On the issue of prison transfers, which was raised by the noble Baroness, Lady Watkins, and the noble Lords, Lord Scriven, Lord Bradley and Lord Adebowale, we recognise that operational improvements are needed to ensure the safe and effective implementation of the statutory 28-day limit. NHS England is indeed taking steps to address some of the barriers to timely transfer of patients. The wording in the Bill, which refers to the need to “seek to ensure” a transfer within 28 days, should be sufficiently robust to provide accountability for a breach of that time limit, while recognising that there are multiple agencies involved.
As we know, while this legislation—
I hate to interrupt, given the lateness of the day and the lateness of the hour, but the point that a number of noble Lords were making in relation to children is that this Bill potentially does not sit with the principles under the Children Act. If the Government intend impliedly to repeal parts of the Children Act, then it would be good to have that clarification from the Dispatch Box.

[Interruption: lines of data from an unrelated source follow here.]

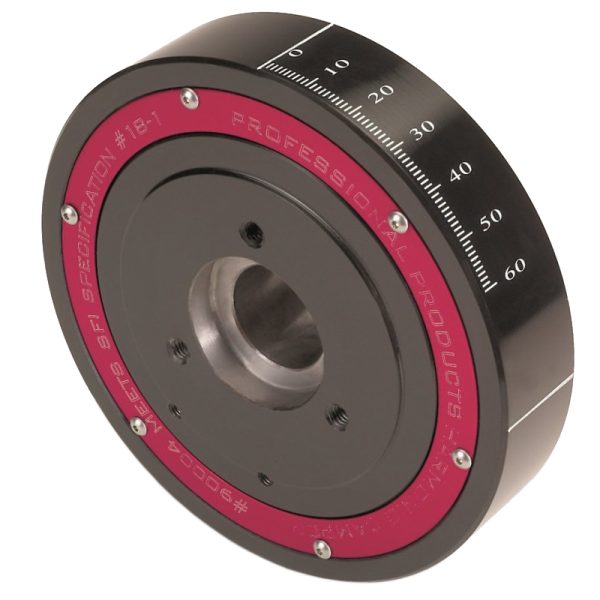 BBC 8" HARMONIC BALANCER      SFI, INTERNAL BALANCE DAMPER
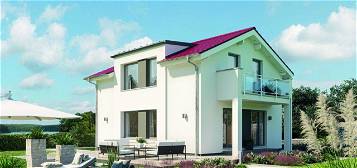 Einfamilienhaus trifft auf nachhaltige Bauweise inkl. PV Anlage & Speicher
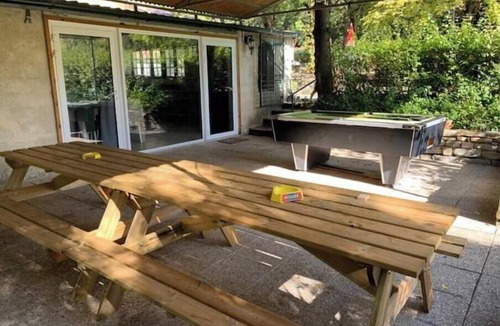 Bourdeaux House | Gite sleeps 20 with a 16-seater Jacuzzi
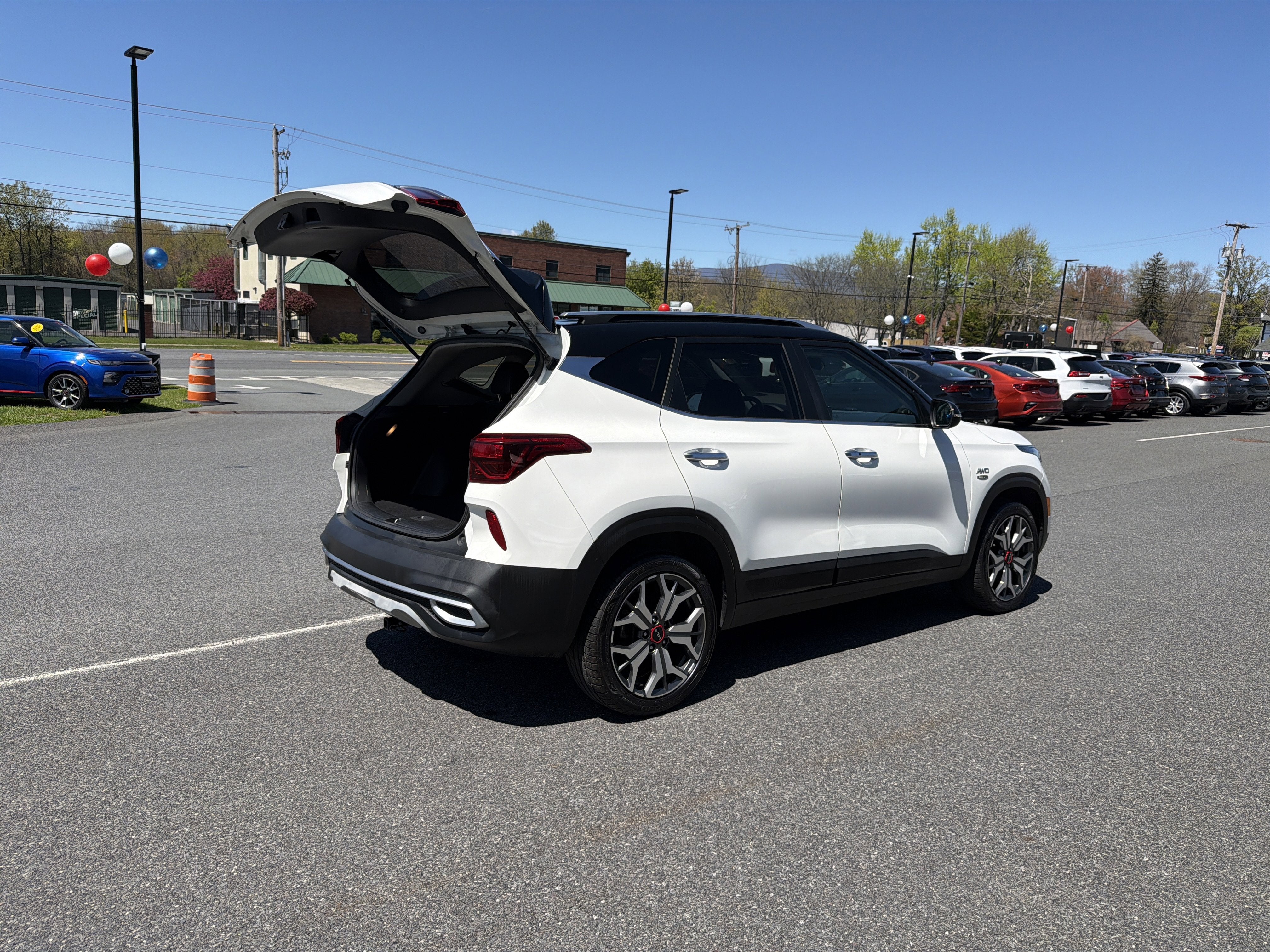 2022 Kia Seltos SX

I look forward to coming to that point in Committee. The marrying up of legislation will be important, as is making progress on the Bill. That applies to the point of the noble Lord, Lord Alderdice, and others about fusion. We do not want to hold up this Bill while we make progress, but we will be mindful of the interface with other legislation.
In this Bill we are starting with the most overdue reforms to make the law fit for the 21st century. I very much look forward to working through the Bill in much greater detail in Committee. I am most grateful to all noble Lords who have not just spoken this evening but worked to get us to this point.